-- TASK TO CARRY OUT --
Restate word for word the lines below from the one that has "Lugano 180x100cm anthrazit, Gestell" through the one that has "THE REAL SURF CITY YOUTH TSHIRT - navy", keeping both and dropping all pictures.

-- INPUT DATA --
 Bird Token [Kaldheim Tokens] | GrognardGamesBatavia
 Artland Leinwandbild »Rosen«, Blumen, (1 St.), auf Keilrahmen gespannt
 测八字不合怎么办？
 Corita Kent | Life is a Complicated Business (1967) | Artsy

* * *

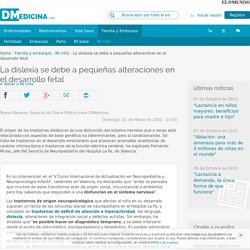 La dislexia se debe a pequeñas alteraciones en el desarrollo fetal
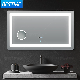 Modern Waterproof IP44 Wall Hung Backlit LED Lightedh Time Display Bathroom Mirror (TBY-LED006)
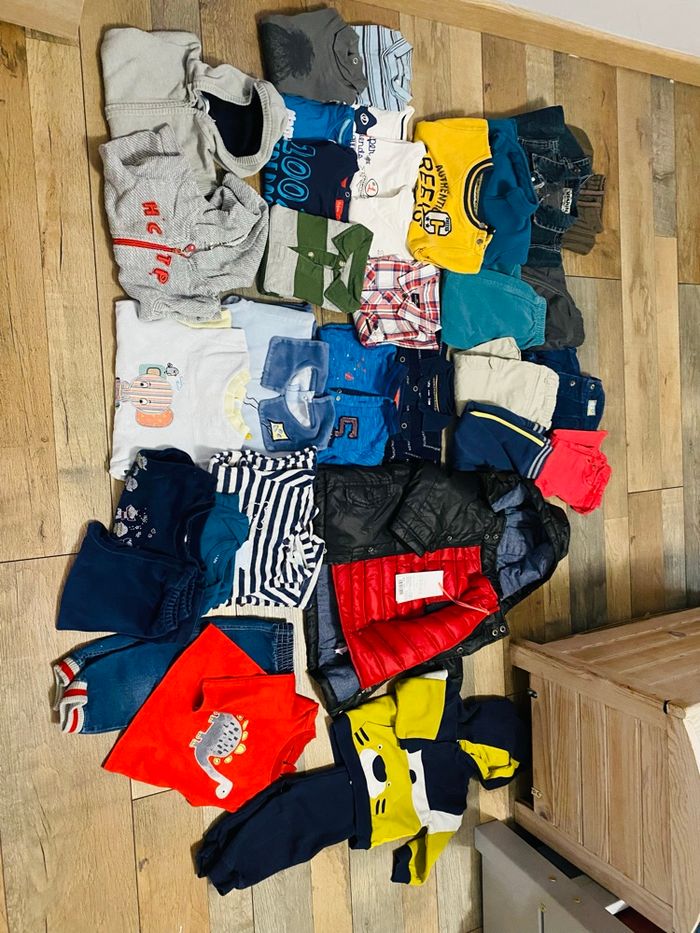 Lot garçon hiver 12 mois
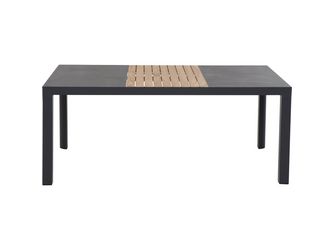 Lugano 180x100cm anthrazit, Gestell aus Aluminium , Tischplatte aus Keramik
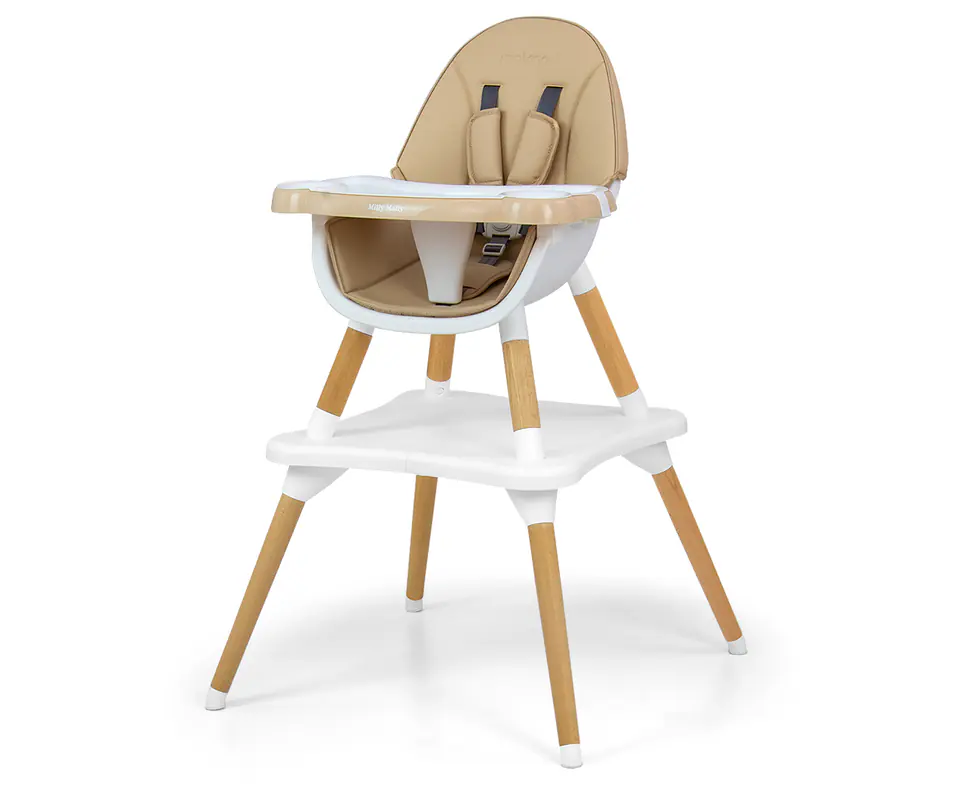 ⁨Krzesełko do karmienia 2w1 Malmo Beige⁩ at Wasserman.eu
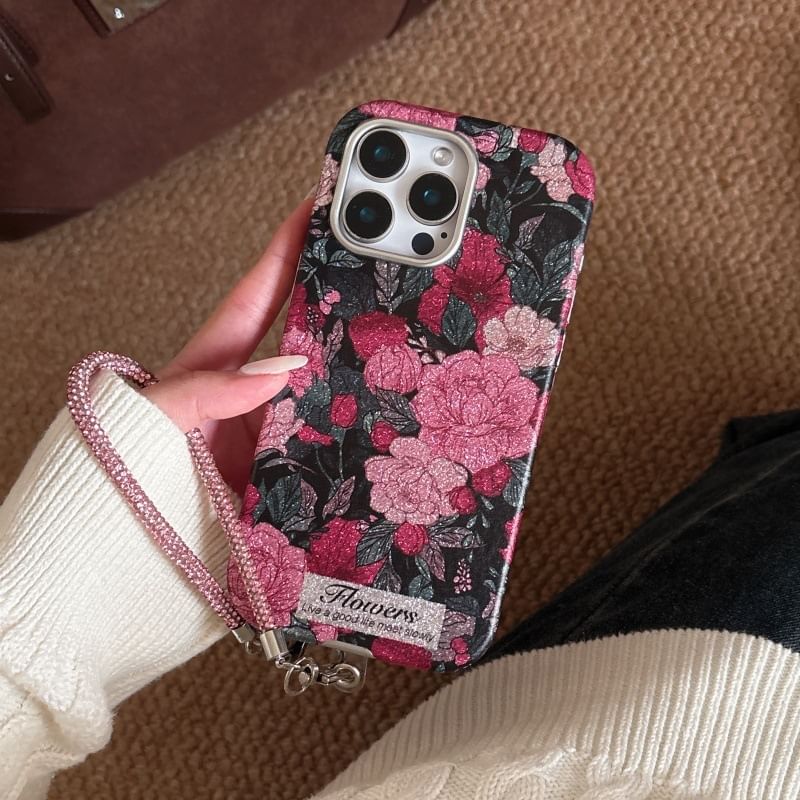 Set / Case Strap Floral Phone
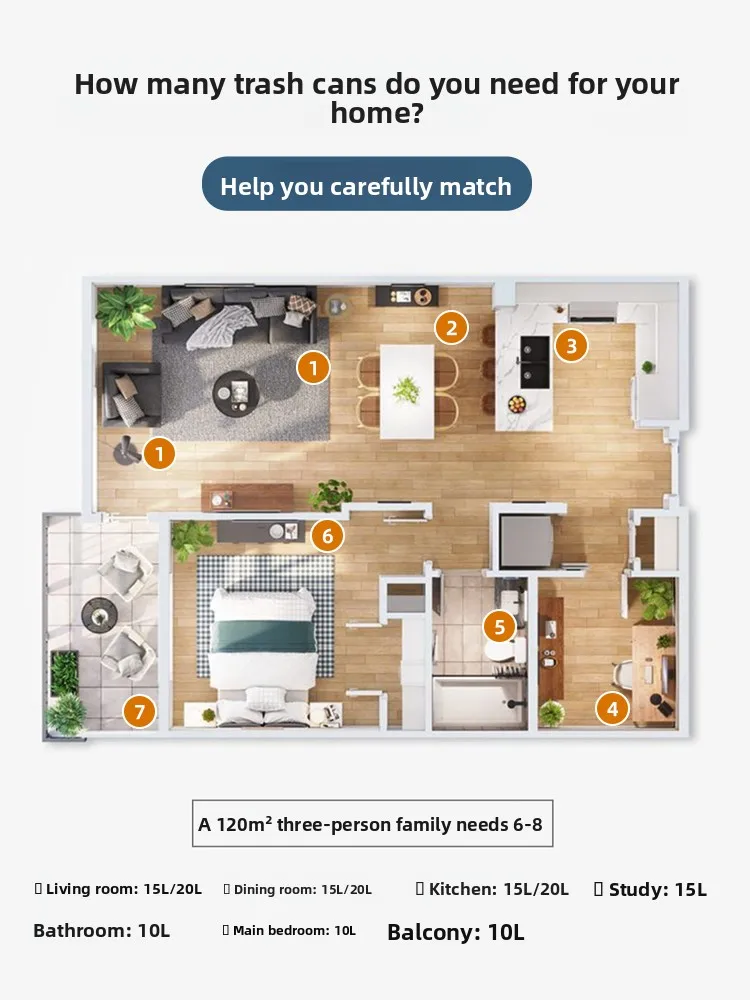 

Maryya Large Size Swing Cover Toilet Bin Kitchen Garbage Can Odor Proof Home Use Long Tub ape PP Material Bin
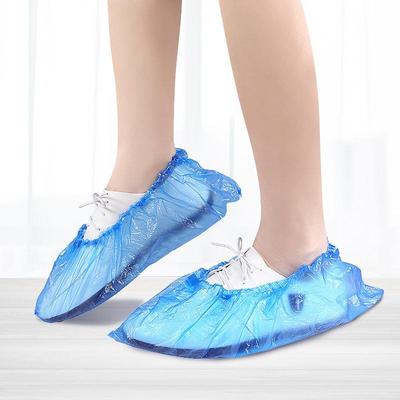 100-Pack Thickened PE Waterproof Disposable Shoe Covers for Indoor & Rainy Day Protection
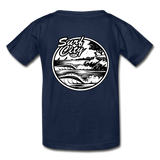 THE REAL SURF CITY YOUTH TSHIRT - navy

-- RESULT BELOW --
 Lugano 180x100cm anthrazit, Gestell aus Aluminium , Tischplatte aus Keramik
 ⁨Krzesełko do karmienia 2w1 Malmo Beige⁩ at Wasserman.eu
 Set / Case Strap Floral Phone

Maryya Large Size Swing Cover Toilet Bin Kitchen Garbage Can Odor Proof Home Use Long Tub ape PP Material Bin
 100-Pack Thickened PE Waterproof Disposable Shoe Covers for Indoor & Rainy Day Protection
 THE REAL SURF CITY YOUTH TSHIRT - navy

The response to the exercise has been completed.